I'd love to gather more thoughts on this. I'm thinking about adding this to our 
introduction (linked on the entry page). If someone considers it useful it 
might also be an idea to setup a wiki page to collect arguments. Feel free to 
proceed :)

I'm thinking of something like:
Objection: I have nothing to hide.
Reply: You think? Think again. Maybe you do... bla bla bla.

Problem with this is that it isn't easy to find one sentence answers on those 
objections. It's like you'd have to explain all what's been happening in 
technology for the last 20 years and all the security issues and failures from 
that time and after you've done that you can slowly come back to the question 
"Why again was it, that it might be important to encrypt your communication?".

One big issue is raising general awareness to security related issues. I'm not 
sure how to achieve this, but have the feeling that this is slowly arriving in 
the mainstream media. The Sony, Nintendo, ... hacks have show how fragile 
security is and that there are often way around a thought of secure system. 
That's no news for us but it's news for the general public. And people start 
realizing e.g. it might be a bad idea using 12345 as a passphrase on each and 
every of your log-ins. :P That was hard to explain some years ago - now it's 
not.

All I'm saying is, that I'd love for mail encryption to get out of it's niche 
and reach a somewhat critical mass so that the "no one else is using it" 
argument simply does not apply anymore.

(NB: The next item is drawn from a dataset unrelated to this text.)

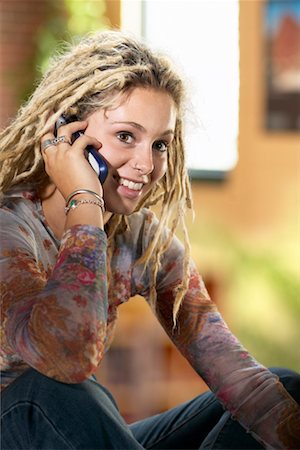 simsearch:600-03244230,k - Teen Girl with Dreads and Cell Phone Stock Photo - Rights-Managed, Code: 700-00424662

Wouldn't that be great? 

05.04.2011 19:49 Chris Rexinger wrote:
> I too run into the same issue when trying to get friends to use encryption. I 
> have not been able to get 1 person to use it save myself. Peoples eyes seem 
> to gloss over and they say "ok, sure, whatever". No one gets it.

So if we agree that there is some form of misunderstanding or a lack of 
knowledge - let's gather arguments facts to determine what's going wrong in 
such conversations. It seems the majority of people really isn't interested in 
a lot. Maybe I'm wrong, actually I hope I'm wrong. But maybe that's a fact we'd 
have to accept. I have made the experience, that if you really talk to someone 
honestly and get into a conversation often some things stick and sometimes 
after several weeks people approach me to ask again about what we talked 
earlier (you can't discuss such fundamental complex topics in one minute in the 
hall-way, or if you can pls contribute to the wiki and teach us who cant :P).

> I have always said that a big roadblock to large scale adoption by the 
> "non-programmer" masses (of which I am a part) has been the fragmentation of 
> resources needed to get GPG running on a mac. The new GPGTools project is a 
> huge step in the right direction and I am glad to see it happen.

This is why we have the GPGTools Installer. And it's worked out great so far 
for many users.

> I only wish I could do more to help out, but I dont program and such..

No problem. Just participate, and consider working on said wiki-page (not 
existing yet) or help us improve documentation if you want. Many options 
available to contribute.

Back to what Charlie wrote:
> But I keep trying. My German wife smilingly tells me I'm a "Weltverbesserer" 
> ... someone who's always trying to make the world a better place. I guess 
> she's right.

That's funny, because I get to hear that a lot. And what's even more funny, is 
the fact that this term is connotated with negative attributes. Now that's 
strange. Someone who wants to make the world a better place is negative? I 
guess it's the fact that many people are afraid of changes no matter in which 
direction those changes lead. And that's also an important factor in society. 
You simply can't change the whole system every year or so. It's a fine line 
between stabilization and blockading change. It's not for me to decide which is 
which.

So, yeah let's go ahead and be a Weltverbesserer.